An Animal Rights Article from All-Creatures.org

FROM

Charles Clover, TruthOut.org
July 2011

One of the factors contributing to the degradation of our oceans is massive, industrial, commercial overfishing. The Times cites a report that many species of fish are "either vulnerable to extinction, endangered or critically endangered."

It was worked out that a beam trawler killed 16 pounds of marine creatures to produce one pound of marketable sole.

Charles Clover interviews Mark Karlin

On July 16, The New York Times editorialized that the world's oceans are potentially on the verge of irreversible catastrophic collapse. Due to global warming and other factors, the marine ecosystems are being severely compromised.

One of the factors contributing to the degradation of our oceans is massive, industrial, commercial overfishing. The Times cites a report that many species of fish are "either vulnerable to extinction, endangered or critically endangered."

As reported in Truthout, the White House Interagency Ocean Policy Task Force is formulating a plan for a collaborative ocean policy. But it is a long way from a task force to implementation of enforceable international policies.

Journalist Charles Clover wrote the definitive book on overfishing, "The End of the Line: How Overfishing Is Changing the World and What We Eat." Truthout recently interviewed him.

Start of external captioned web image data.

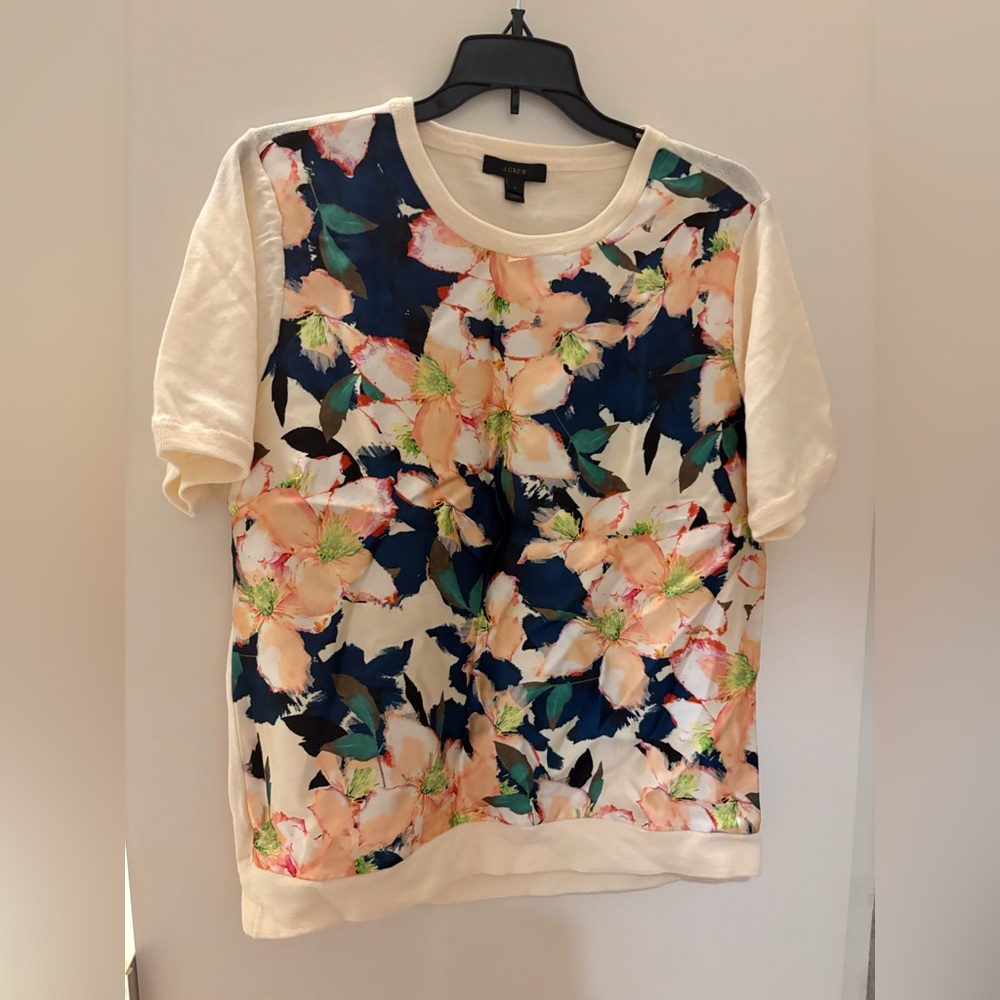 J. Crew Floral Print Sweater - Cream and Blue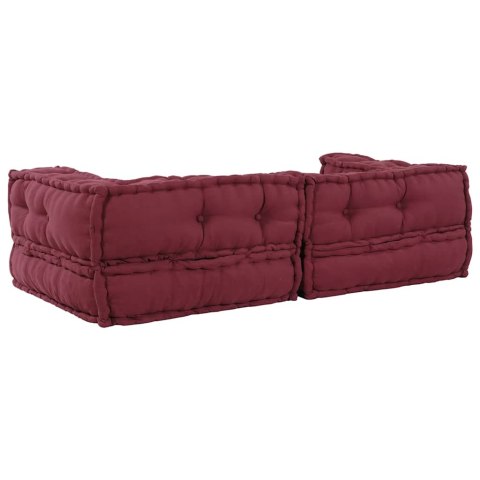 VidaXL 2-osobowa sofa modułowa Bordowy 140x70x36 Tkanina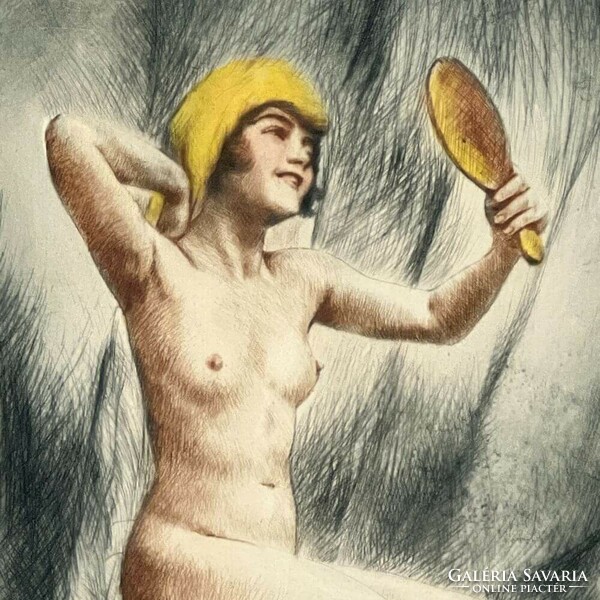 L.V. Nahunins jelzéssel, 1930 k.: Női akt tükörrel F00609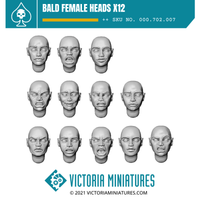 Bald Female Heads x12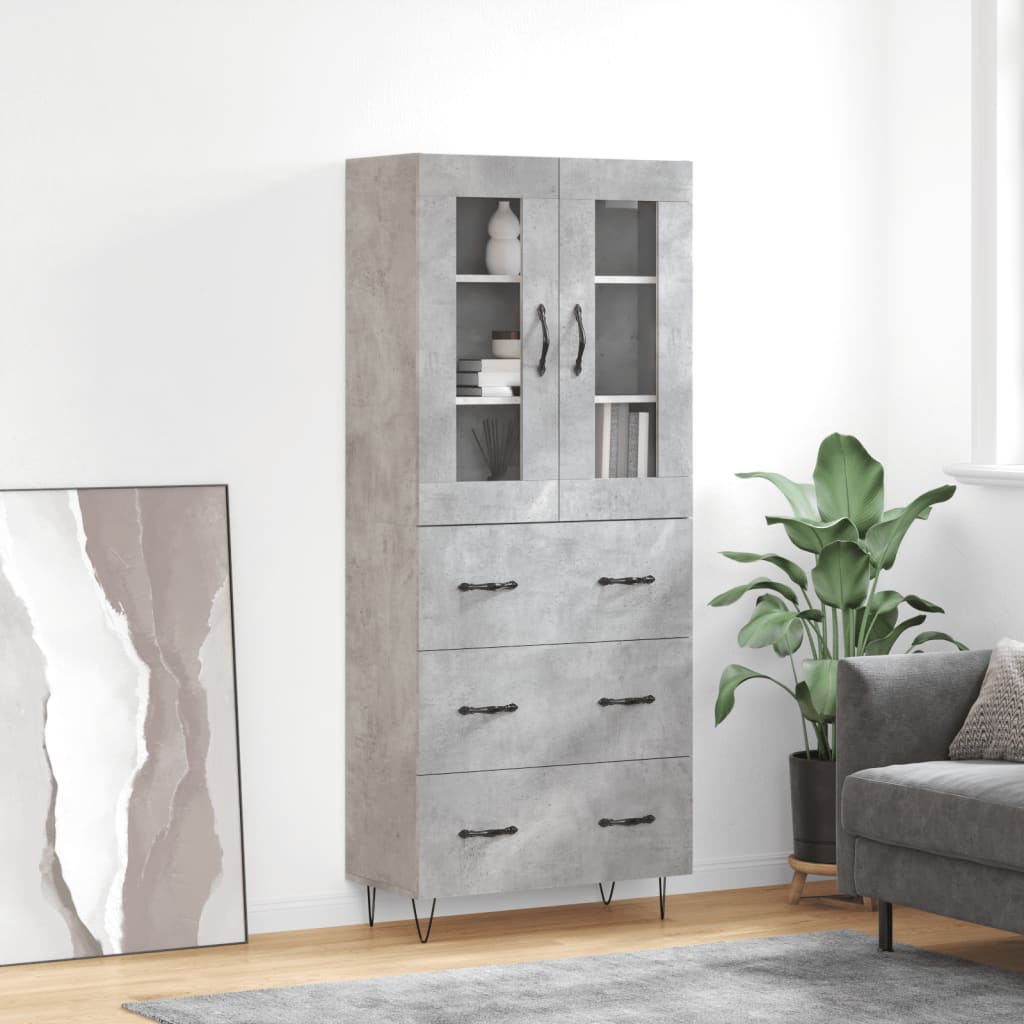 Aparador Alto Madera Contrachapada Gris Hormigón 69,5x34x180 Cm_0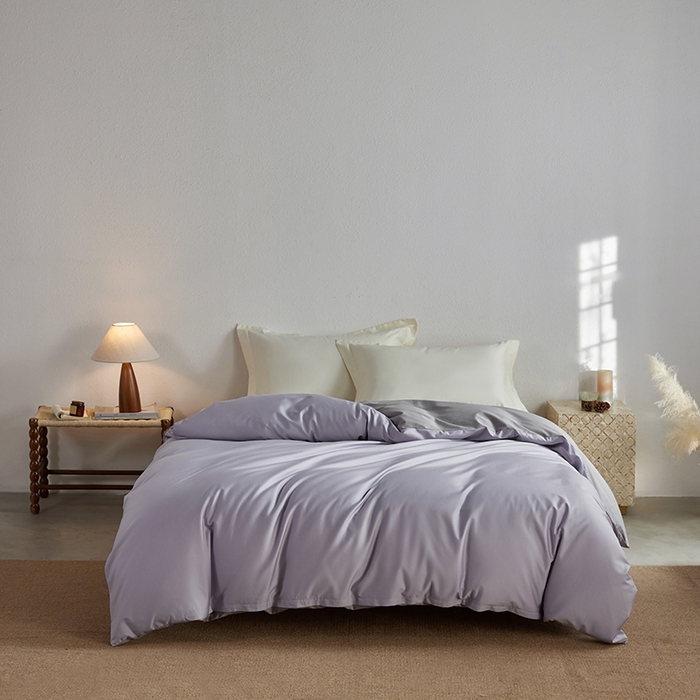 91家纺网 家纺一手货源 找家纺 轩和家居 2025新款50S贡缎长绒棉纯棉单被套单品被套被套单件 仙仙紫+雅士灰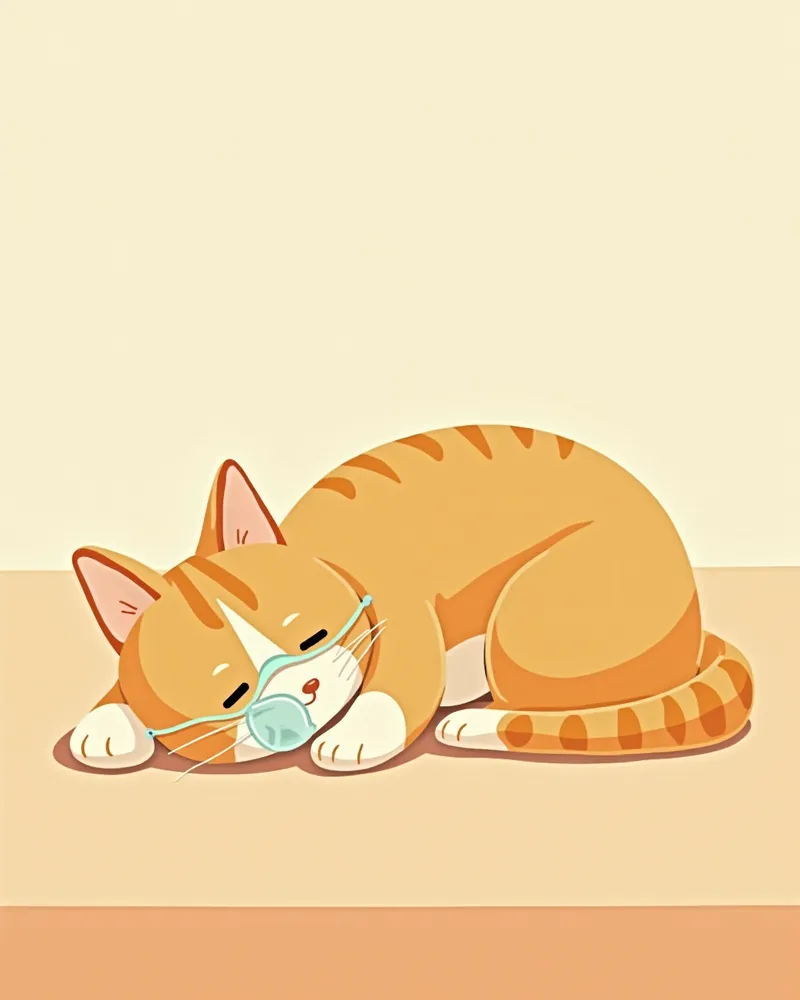 산소 마스크를 쓰고 조용히 쉬는 고양이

Clover is the environmental columnist for the Sunday Times and has written on the subject for more than two decades. He edits a web site that encourages consumers to play a role in sustainable fishing, Fish2Fork.com.

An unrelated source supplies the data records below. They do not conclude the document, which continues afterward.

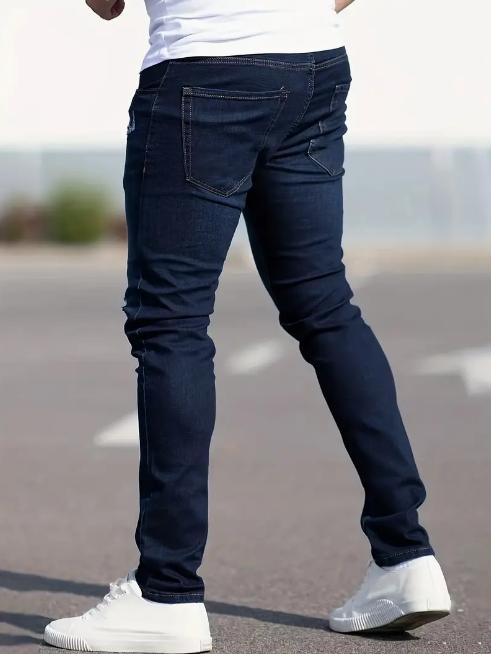 Slim Fit Ripped Jeans, Men's Casual Street Style Distressed Medium Stretch Denim Pants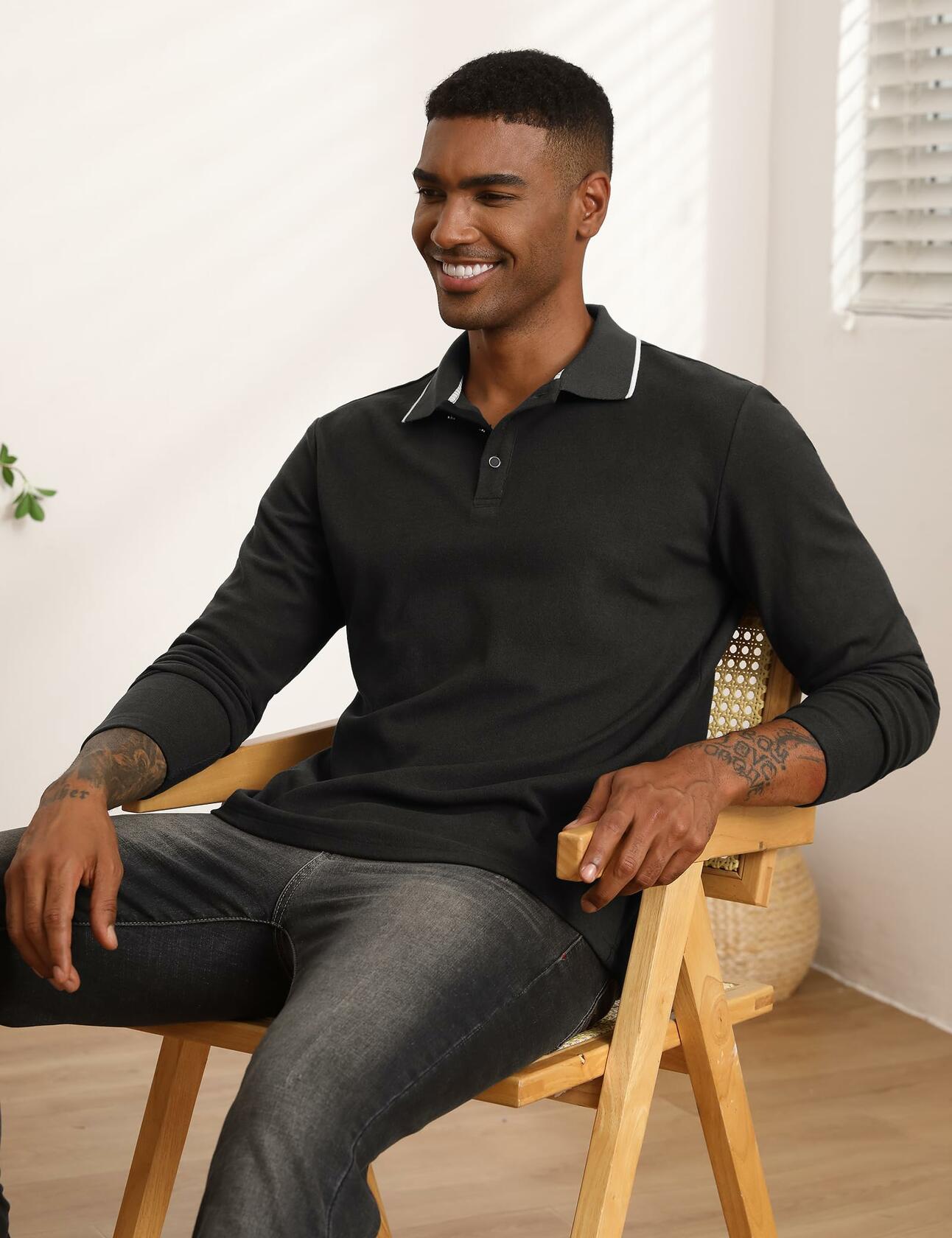 Thkzn Men’s Fleece Lined Polo Shirt Long Sleeve Button Golf Casual Black 2XL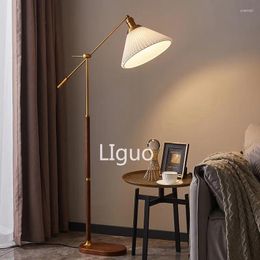 Floor Lamps 2024 Solid Modern Nordic Vintage Simple American Style Living Room Metal Walnut Wood Gold Decoration Standing Lamp Lam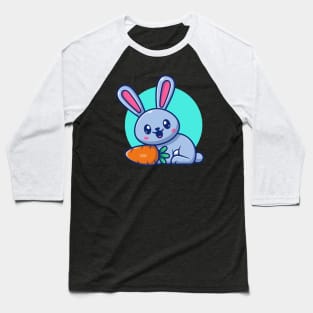 Cute Rabbit With Carrot Cartoon Baseball T-Shirt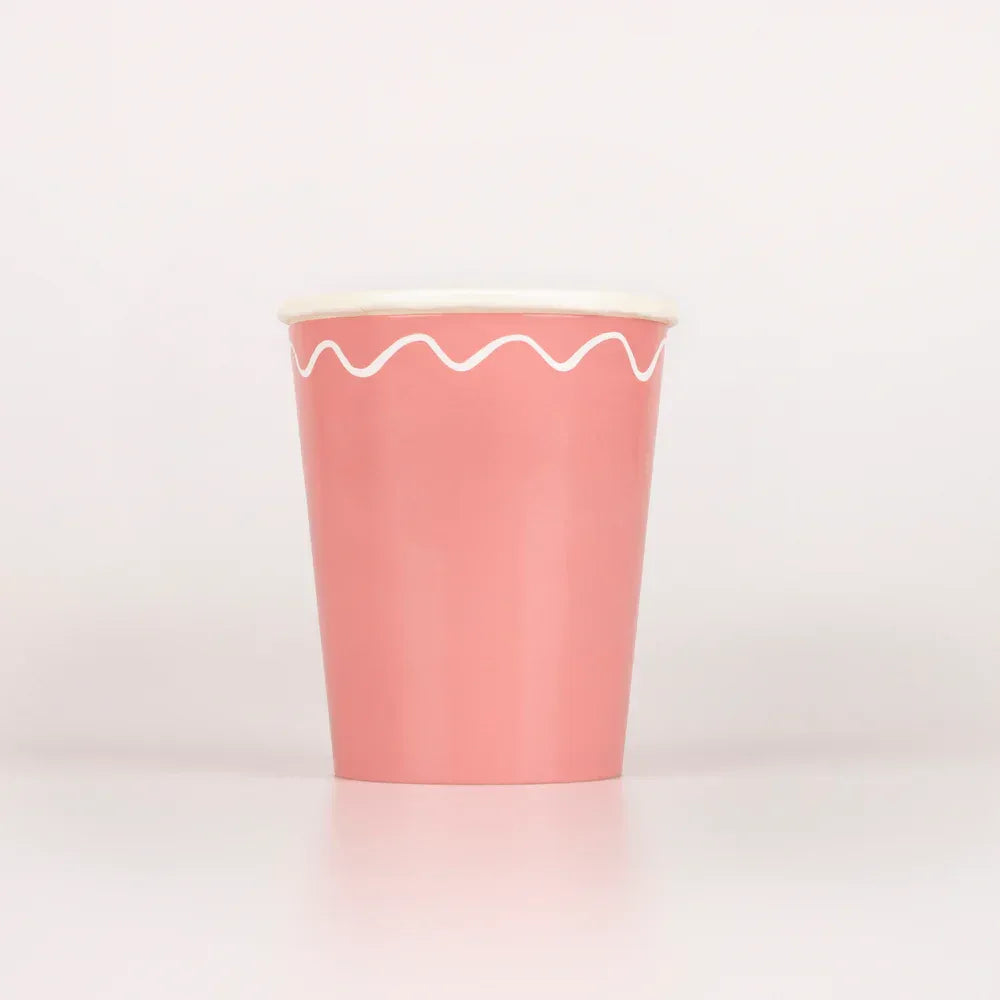 Mixed Wavy Line Cups (x8)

The Truthout Progressive Pick of the Week, "The End of the Line" (DVD) is a documentary based on Clover's book in which he also appears.

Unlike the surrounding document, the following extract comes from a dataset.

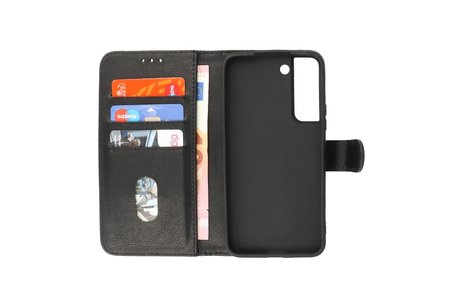 Zakelijke Book Case Telefoonhoesje - Portemonnee Hoesje - Geschikt voor Samsung Galaxy S22 Plus - Zwart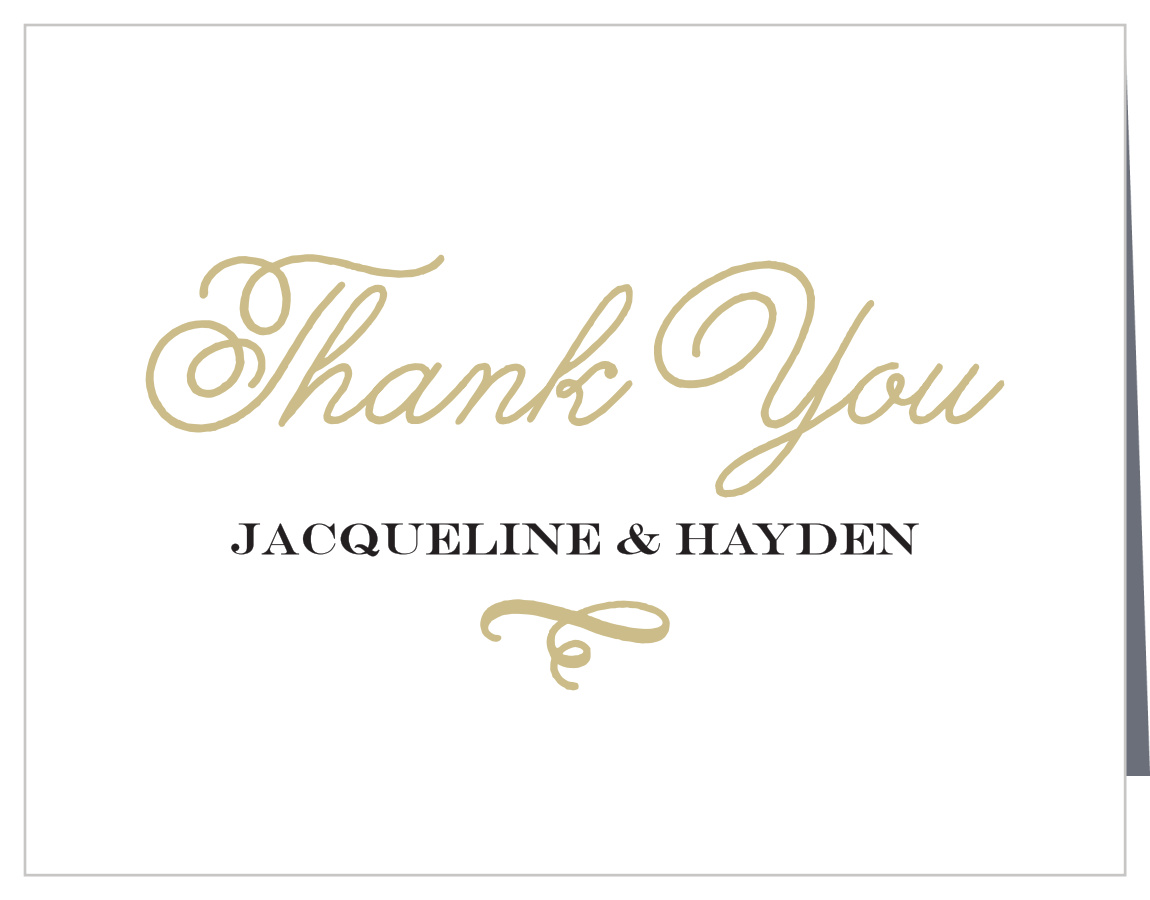Whimsical Swash Foil Bridal Shower Thank You Cards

Mark Karlin [MK]: What would be the worldwide impact if edible fish no longer existed in sufficient numbers in the ocean due to overfishing?

Charles Clover [CC]: The picture is that about a third of the world's wild fish stocks have collapsed - defined as being fished to below 10 per cent of their abundance in 1950 - and for the rest the trend is down with only one or two places in the world managing their fish sustainability. This has huge implications for food security in a world with more human beings in it and for the functioning of whole ecosystems.

MK: What is happening to smaller, less developed nations that depend on fish they catch as a major part of their diet?

CC: Bad things. This is one of the world's most pressing problems. The availability of fish is a food security issue. We need to stop our first world fleets taking fish from the mouths of the poor. The EU fleet goes all up and down the coast of Africa. The same thing goes on in the Pacific.

MK: In the overfishing, what percentage of fish and other creatures such as dolphins, get caught up in the nets and hooks and are thrown back dead into the sea?

CC: You mean bycatch. Depends on the fishery. In Pacific tuna purse-seine fisheries it's a lot. I wrote a whole chapter on it. In long-line fisheries it's a lot too, turtles as well as sharks. Prawn fisheries in the tropics can have 80 per cent bycatch.

MK: What is the impact on the ocean ecosystem when one kind of fish is no longer abundant?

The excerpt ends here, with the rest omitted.